I was just closing up our office to head home Thanksgiving Eve when I received a call from the refuge office at Bon Secour. A year or two ago I went through some additional training to learn how to gather data from a stranded sea turtle and take care of it if need be. Today it was not a stranded sea turtle. It was a stranded dolphin. They asked me to go and take a look at the animal and help out how I could until the recovery team could get there.
Our maintenance man Jim Merrick was here with me and we received some brief training about what to do then headed that way. Jim was there a few minutes before me and when I arived he was already knee deep in the water helping the dolphin stay upright. I brought some towels to help keep it’s back moist and we waited.
While we waited we heard the story of how the dolphin was found. Several owners and their children saw the dolphin splashing in the harbor and then it beached itself on shore at the head of the harbor.
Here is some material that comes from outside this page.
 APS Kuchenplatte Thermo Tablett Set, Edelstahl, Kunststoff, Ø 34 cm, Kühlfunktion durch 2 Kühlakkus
The owners headed to the cove and got the dolphin back into the water. They even got it back into the deeper water where it could swim. However, the dolphin was very sick and headed back to the shore. Soon after, Fish and Wildlife were called to help. The employees at the Bon Secour refuge contacted the Institute for Marine Mammal Studies in Gulf Port, Mississippi. The IMMS were on their way to retrive the dolphin and move it to their rehab facility.
In the mean time, Jim and some of the owners from Navy Cove were helping the dolphin stay upright and damp while we waited. Mike Reynolds from the “Share the Beach” program joined us and was in contact with IMMS throughout our wait. The dolphin kept his eyes closed and seemed very confused. At one point he seemed to really be struggling so the helpful volunteers moved him a bit further out of the water and dug holes in the ground on each side so he could rest comfortably with his flippers in a resting position.
The night was getting cooler and our volunteers were getting weary after 3 hours of being wet and holding the 400 pound dolphin upright but they forged on. We eased the hours by checking out the stars on the crystal clear night and coming up with a name for the dolphin that we now all claimed as our own. The family that originally found the dolphin named him Chance.
Just a bit before 7 in the evening the IMMS showed up with a vehicle of doctors and helpers and a large box truck to transport the dolphin to the rehab facility in Mississippi. They carefully examined the sick animal and then just as carefully loaded him on to the truck. Since that day, we have heard that he is doing some better and seems to be improving daily. It turns out that Chance is an unusual case and they are doing all they can to help him heal. All of the dolphin found beached since the oil spill were dead. Chance is the first live dolphin so he is getting some great attention from the doctors who are helping him. We have so many things to be thankful for here at the beach and this experience is the newest on our list.